The lease is thicker than some NASA manuals, heavier than most bibles and, economically speaking, vitally important. Because Poloncarz and other local officials believe the lease binds the Bills to Buffalo at least through 2020, which they believe gives the community enough time to figure out the best and most secure plan to ensure the Bills never leave.
Los Angeles or London can call all they want. Erie County's lease won't let the Bills move.
"They're locked in," Poloncarz says.
Poloncarz is talking because on March 25, Ralph Wilson, the only owner the Bills ever had, died at the age of 95. That left uncertainty about future ownership, because the team will not go to Wilson's heirs. Though his wife Mary has controlling interest, the team will be sold.

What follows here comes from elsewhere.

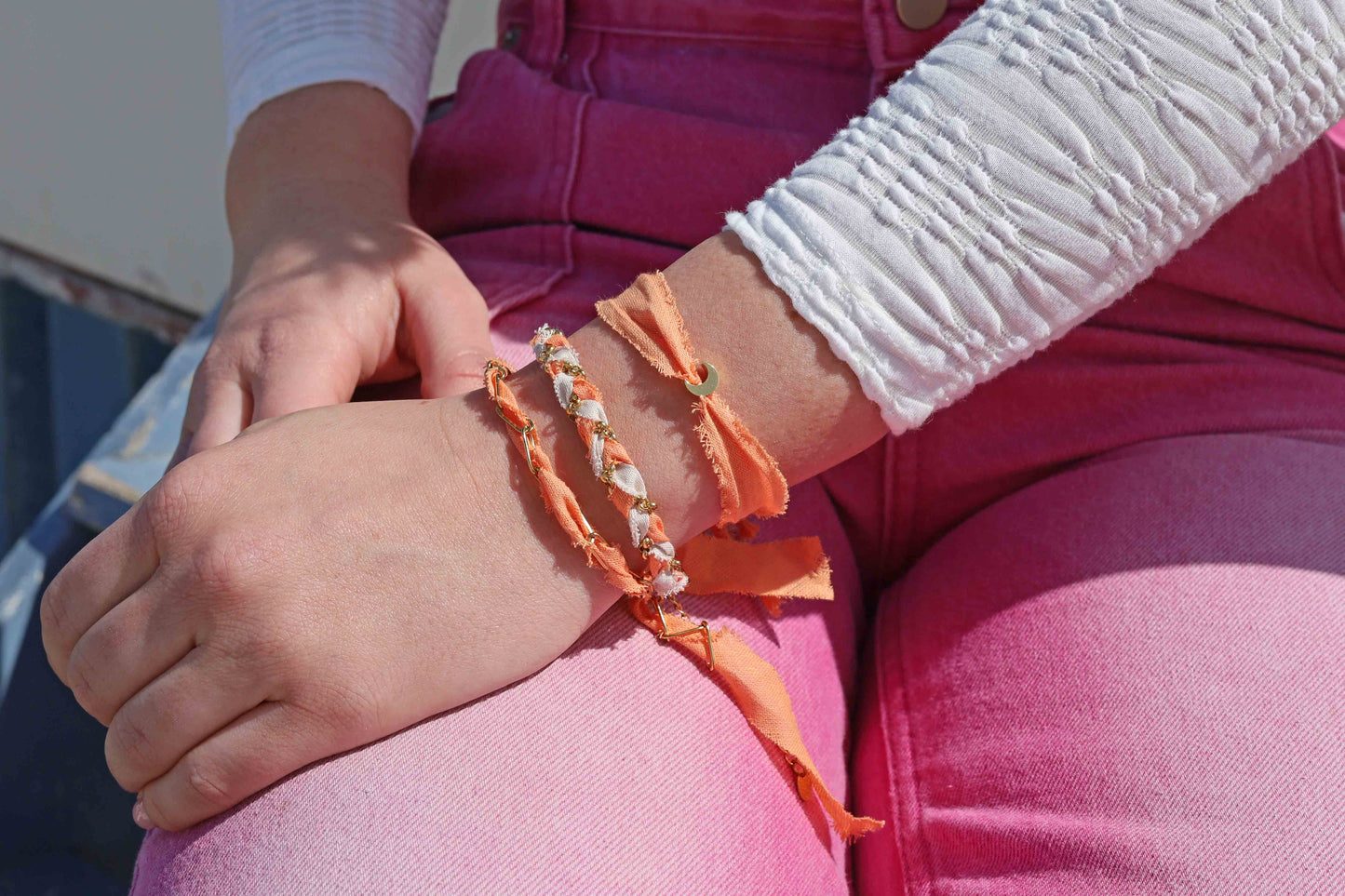 Bracelet Heart/Moon - orange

Buffalo is a cold-weather city with an NFL team; cynics call it Green Bay near the Niagara. Buffalo's downtown would fit in one block of New York City, and its waterfront is a curious mixture of highways, overpasses, industry and public use. It has no Fortune 500 companies, and its unemployment rate hovers at or near 10 percent.
Los Angeles or New York or Boston or Chicago or San Francisco it's not.
The unknown leads to uncertainty.
Just down the street from the stadium named after the Bills founder and owner, 28-year-old Corey Huber tends bar at a small pub called Tailgaters.
"Everybody keeps thinking," Huber says, "we're going to lose the team."
The Anchor Bar, located a short distance from downtown, is the place where the signature sauce for Buffalo chicken wings was invented. Ivano Toscani has managed the bar for decades, and its walls are lined with photos of the well-known who have stopped to taste the original Buffalo chicken wing.
"People know that they're gonna move eventually ... " Toscani says in broken English of the Bills. "It would be a big loss."
"I think it's a matter of time before they actually move," says Kenny Boone, a counselor in the Buffalo school system, who started the conversation by talking optimistically about how long the Bills would stay in town.
Maybe it's small-town fatalism, an extension of the Cleveland syndrome. The Browns, after all, left Cleveland from 1996 to 1998. But former Browns owner Art Modell put himself in serious debt, something Wilson never did. That it happened at all, though, has drawn notice.